New in version 2.3.2
September 16th, 2011
- This version includes a variety of fixes made to ensure PDFTextStream is capable of extracting text from PDF documents that are nonconforming to the PDF specification.
- It also includes a variety of performance enhancements.
New in version 2.3.0 (April 24th, 2009)
- Added an .isStruckThrough() method to com.snowtide.pdf.TextUnit, indicating whether a character has a strikethrough drawn through it.
- Improved PDFTextStream's support for embedded character mappings.

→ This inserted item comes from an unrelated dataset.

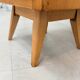 Chiffonnier vintage pieds compas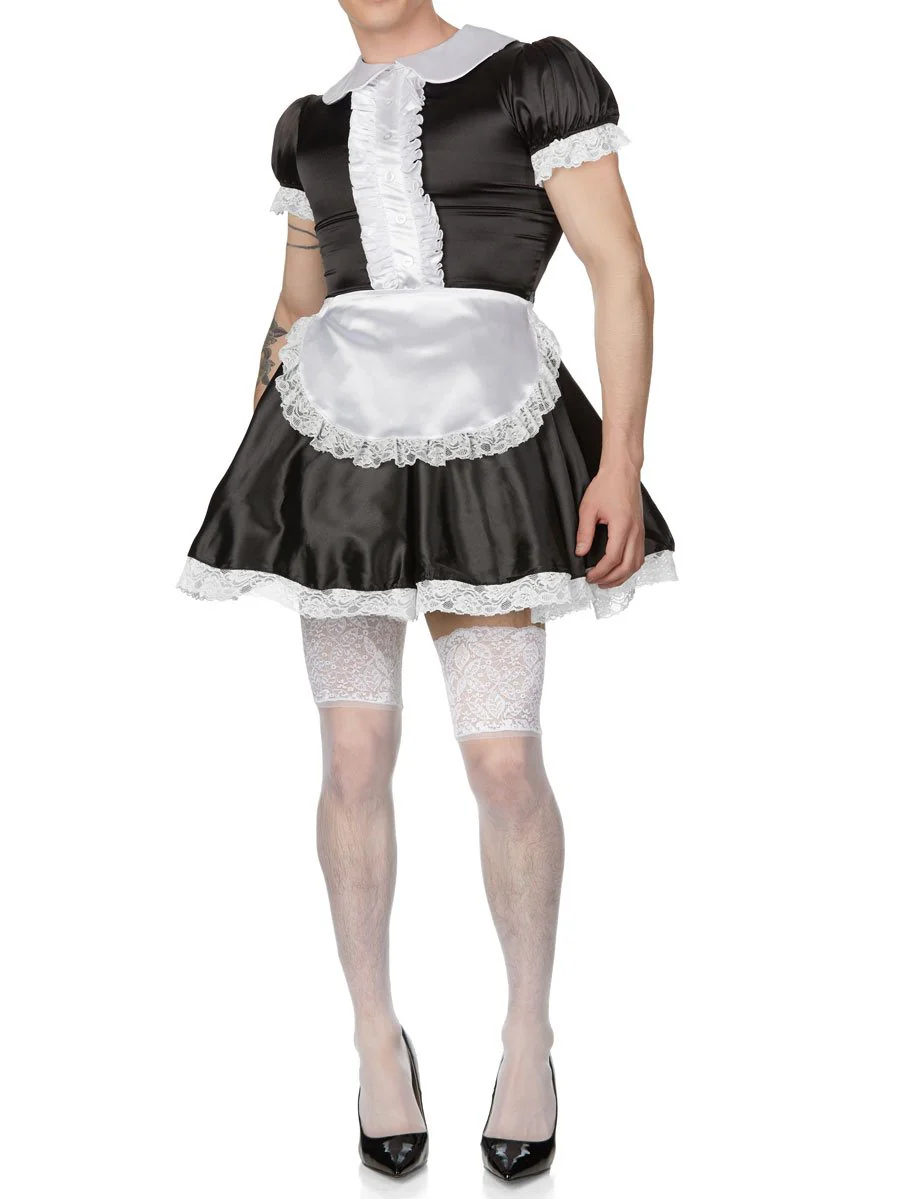 French Maid Dress - Image 3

- The calculation of whitespace between words has been fixed to properly account for whitespace that is explicitly encoded in the source PDF documents.
- Improved PDFTextStream's handling of composite content encodings, which previously could fail resulting in some ranges of PDF content being 'ignored' during extraction.
- Fixed a bug in VisualOutputTarget where text from a single line would be split over multiple lines
- Improved vertical alignment of text extracted using VisualOutputTarget
- Improved VisualOutputTarget-produced extracts to eliminate spurious additional whitespace between closely-adjacent words
New in version 2.2.5 (December 31st, 2008)
- This release adds support for extracting XFA forms data as XML.
- It significantly improves the performance of text extraction using VisualOutputTarget. Support for PDF documents larger than 2GB.
- A fix for a bug where the encodings from embedded Type1 fonts were previously not being applied properly in some circumstances.
- A fix for a problem where newer content in updated PDF documents was sometimes being ignored.
- A fix for a problem where PDFDocEncoding-encoded bookmarks and metadata were not being decoded properly.
- A .getDestinationName() method in com.snowtide.pdf.Bookmark.